The Ties That Bind

The United Nation International Labour Organization (ILO) Global Report for 2002, A Future without Child Labour, estimated that there were around 179 million children involved in the child slavery industry. Disturbingly, at least 8.4 million of these were engaged in the worst kinds of slavery including debt bondage, forced labour, trafficking, prostitution, forced into the armed services and pornography. Contemporary forms of slavery exist in different forms and bonded labour is also a type of slavery. It is an abuse of an individual’s fundamental human rights and affects the lives of millions of people particularly in the Asia-Pacific region.

Despite the enactment of international and domestic legislation, these types of practices continue to persist. However, governments are increasingly bowing to pressure from organizations to redress the problem. Conservative estimates suggest that the number of adults involved in bonded labour range from 20 million to 40 million. Bonded labour of children is a particular type of slavery. An individual becomes a bonded labourer when his labour is used to repay a loan. Not only is his labour given, but often that of his wife and his children. The ‘debt’ maybe carried by the whole generation of one family.

The Office of the High Commissioner of Human Rights (OCHR) observes that UN reports “reveal that there are no clear distinctions between different forms of slavery. The same families and groups of people are often the victims of several kinds of modern slavery for example, bonded labour, forced labour, child labour or child prostitution.” The Free the Children Organization stresses that the definition of ‘child labour’ varies:

“Child labour usually means work that is done by children under the age of 15 (14 in some developing countries) which restricts or damages their physical, emotional, intellectual, social or spiritual growth as children. Sometimes work does not harm children and may even help them to learn new skills to develop a sense of responsibility. Most people agree that when we speak about child labour, we mean labour which is intolerable or harmful to children, or which denies them their right to fully develop, to play or to go to school.”

Bonded labour encourages both physical and sexual exploitation of men, women and children. Oruvingal Sreedharan and R. Muniyappa’s extensive investigation into the plight of chained bonded labourers of Karnataka, India in 2000 revealed the consequences of persons held in bonded labour. Despite the government’s assurances that bonded labour had been abolished, they alarmingly found that this was not the case. Bonded labourers were a reality, living in huts without adequate roofing, without drinking water facility and in places unfit for human habitation. Children were also forced to work alongside their parents.
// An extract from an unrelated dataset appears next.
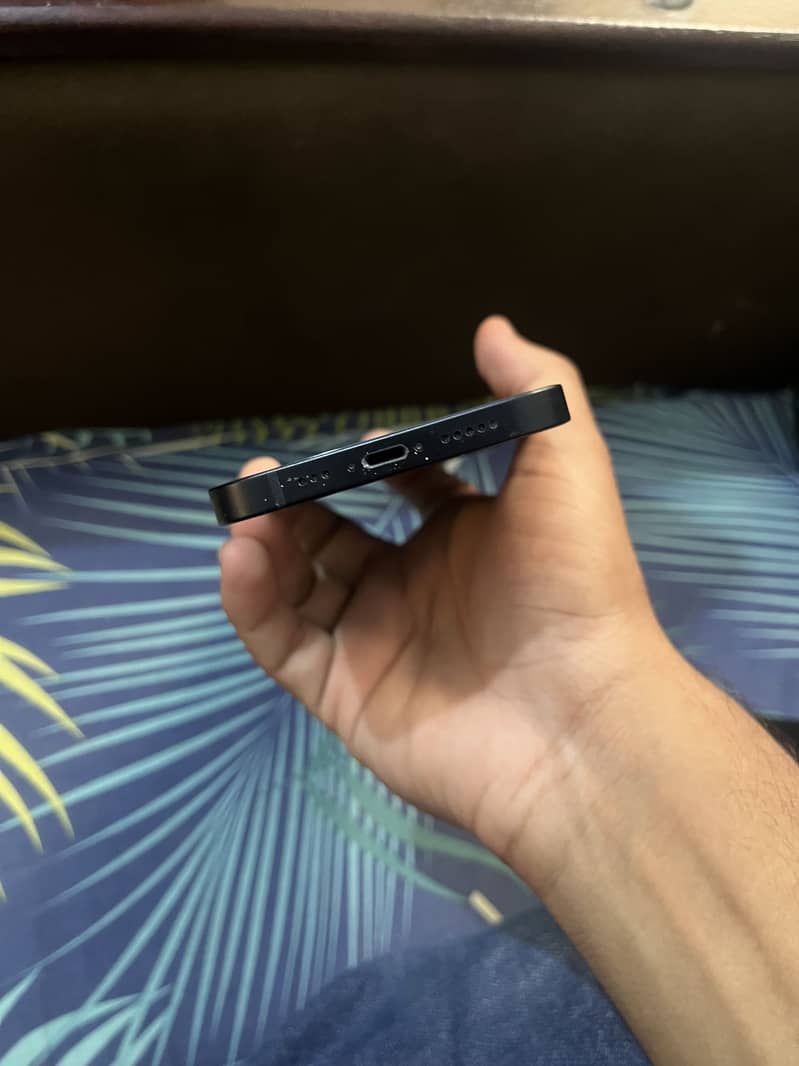 Apple iPhone 13 4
OHCHR state that “although in theory a debt is repayable over a period of time, a situation of bondage arises when in spite of all his efforts, the borrower cannot wipe it out. Normally, the debt is inherited by the bonded labourer’s children.”

A classic example of how debt bondage works in practice is provided by the following case study from The Free the Children Organization. They cite the example of Anwar. His story reflects the realities and situations of millions of other children. He is aged seven and began weaving carpets in a village in Pakistan in the Sindh region.

“He was never asked if he wanted to work. When interviewed, Anwar was knotting carpets for 12 to 16 hours a day, six to seven days a week. He was told repeatedly that he could not stop working until he earned enough money to pay an alleged family debt. He was never told who in his family had borrowed the money, nor how much. Anytime he made an error in his work, Anwar was fined and the debt increased. Once, when his work was considered too slow, he was beaten with a stick. On another occasion, after a particularly painful beating, Anwar tried to run away, only to be apprehended by the local police, who forcibly returned him to the looms.”

Oruvingal Sreedharan and R. Muniyappa focused on the implementation of the law. Their horrific findings exemplify the continuance of this anarchic practice. Bonded labour can effect any one of any age. Child Right Worldwide state that “children as young as six are sometimes pledged by their parents to landlords as bonded labourers. In exchange for a loan, parents engage their sons, ranging in age from 10 to 14, as bonded labourers.” They also highlight the injustices served out by the landlords.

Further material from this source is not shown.